Le radar aéroporté Horizon de l'Armée de Terre française, un système précieux et performant
21 septembre 2003
e système radar Horizon développé en France est unique au
monde. Bien qu'ayant fait ses preuves durant la guerre du Kosovo, le nombre
restreint des plate-formes pose cependant la question de son rôle exact dans un
théâtre d'opérations.
Le système Horizon - pour Hélicoptère d'Observation et Radar
d'Investigation de Zone - a été développé pendant la guerre froide comme
senseur pour assister l'artillerie dans l'identification de véhicules mobiles à
combattre. La plate-forme utilisée est l'hélicoptère AS-532UL Cougar
d'Eurocopter. Trois de ces appareils et deux stations terrestres sont
organisées sous la forme de l'escadron Horizon, qui est incorporé au 1er
régiment d'hélicoptères de combat basé à Phalsbourg, en Lorraine.

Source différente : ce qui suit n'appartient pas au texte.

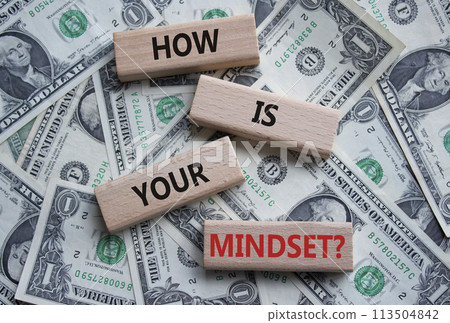 Mindset symbol. Wooden blocks with words How is your Mindset. Beautiful dollar background. Business and How is your Mindset concept. Copy space. Mindset symbol. Wooden blocks with words How is your Mindset. Beautiful dollar background. Business and How is your Mindset concept. Copy space. 113504842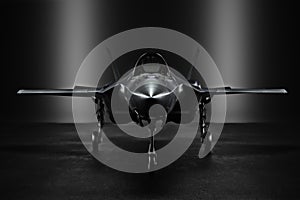 Advanced F35 secret jet in an undisclosed location with silhouette lighting. photo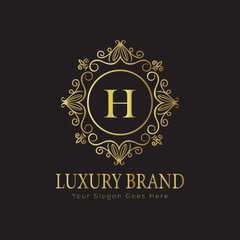 Letter Luxury brand logo design with a royal gold crown emblem and elegant typography

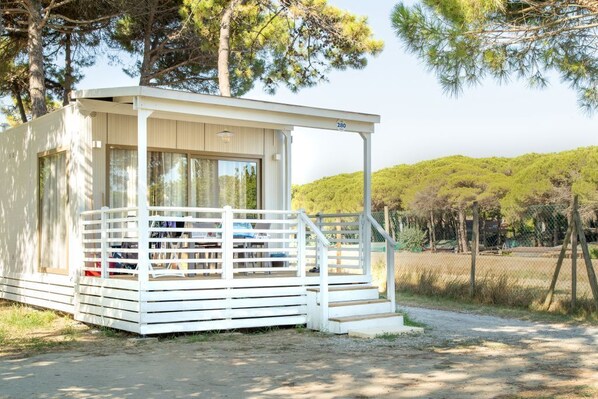 Une petite cabane à un seul étage, dotée d’un porche et d’une entrée couverte, entourée d’arbres et d’une zone herbeuse.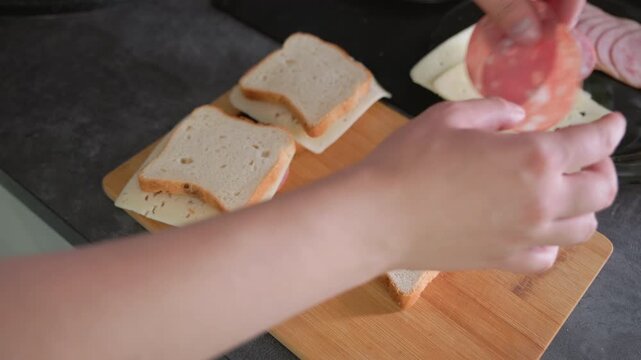 Hands assembling sandwiches with sliced cheese and cold cuts on wooden cutting board in kitchen. Several sandwiches partially made, ingredients like bread and meat placed neatly beside, in process of
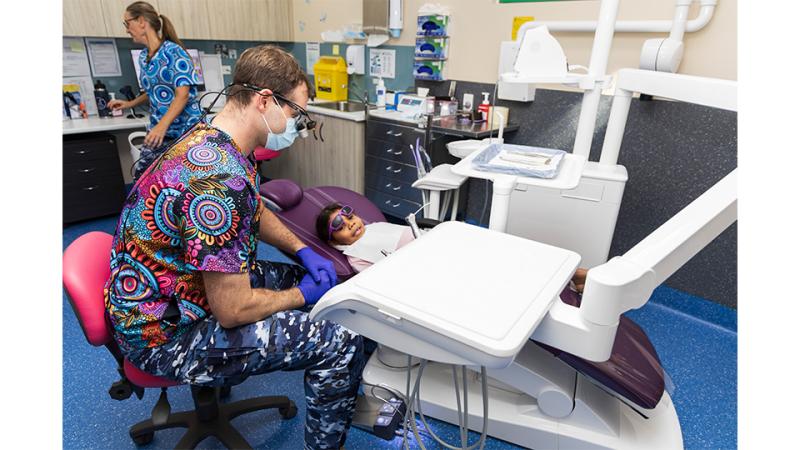 A dentist and assistant examine a young girl in a dental office.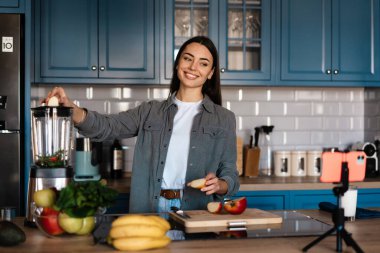 Gülümseyen kadın ev mutfağında cep telefonundan selfie çekerken smoothie yapıyor.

«... L'escadron Horizon a démontré qu'il est capable de s'intégrer
utilement dans des exercices et des opérations de combat dans des zones
éloignées. »
Le senseur actif est le radar Target de Thales, multimode à
bande J, avec pour mode principal l'indication de cible mobile (ICM). Sa portée
est estimée à environ 160 kilomètres avec une résolution de 10 mètres et une
vitesse de la cible oscillant entre 8 et 280 km/h. Une combinaison de scanning
mécanique et électronique lui permet de couvrir 3000 km2 en 10 secondes. Les
officiers de l'armée française et les spécialistes de l'escadron Horizon le
décrivent avec fierté comme le «meilleur radar [ICM] de l'OTAN» en
raison de sa résolution et de sa fiabilité.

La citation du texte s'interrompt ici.